Founded in 1874, Farnham primary is Essex's smallest school with about 50 pupils in 2023. It has three classes: Willow (from Reception to Year 1), Silver Birch (from Year 2 to Year 4) and Horse Chestnut (Year 5 to Year 6). Children graduating from Farnham mostly attend secondary schools in Bishop's Stortford and it lies within Joyce Franklin High school's priority admissions area.

The school is in federation with the larger nearby Rickling Church of England Primary School, where pupils visit weekly for curriculum enrichment activities, including art, gardening, drama, yoga and sports. Both schools share an executive head and deputy head. The deputy head teaches Horse Chestnut class in Farnham.

Farnham primary enjoys consistently good SATS results. In 2013, 100% of Year 6 pupils achieved Level 4+ and 50% achieved Level 5 in mathematics and reading.

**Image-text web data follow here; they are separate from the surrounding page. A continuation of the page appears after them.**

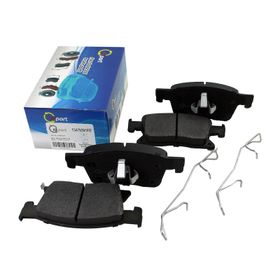 Opel Tigra 1993/2001 1.4/1.6cc 256x20x60x41 Havalı Ön Fren Diski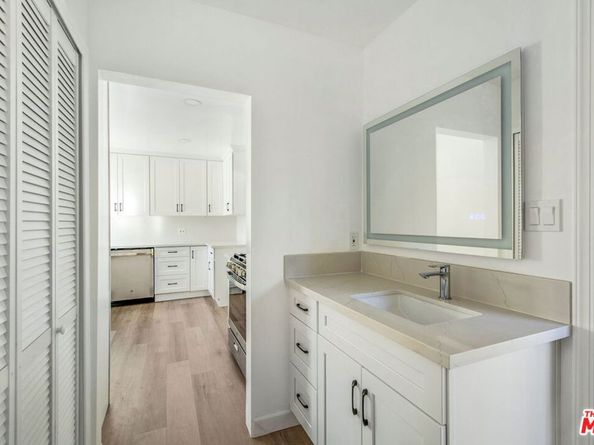 3704 Lorado Way, View Park CA 90043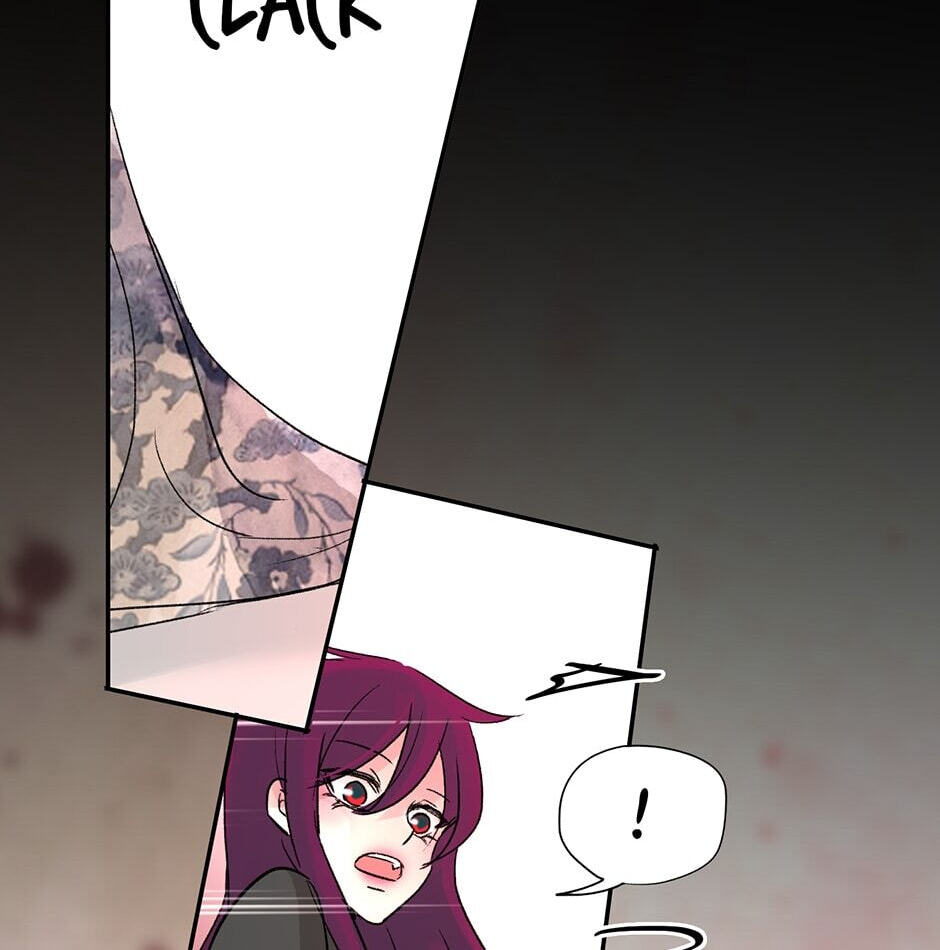Read Here We Go Again chapter 85 image 77 on Lezhin
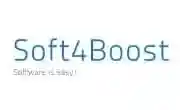  Códigos Descuento Soft4Boost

This compares very favourably with the national average and out-performs most schools in the area.

In 2014, the school was the subject of a high-profile campaign to keep it in Farnham and prevent it from moving to nearby Stansted Mountfitchet, as proposed by Essex County Council and the Diocese Board of Education for Chelmsford. The proposals were unanimously opposed by the parish councils of Farnham and Stansted and the Farnham parochial church. In response, the school governors voted to reject the proposals.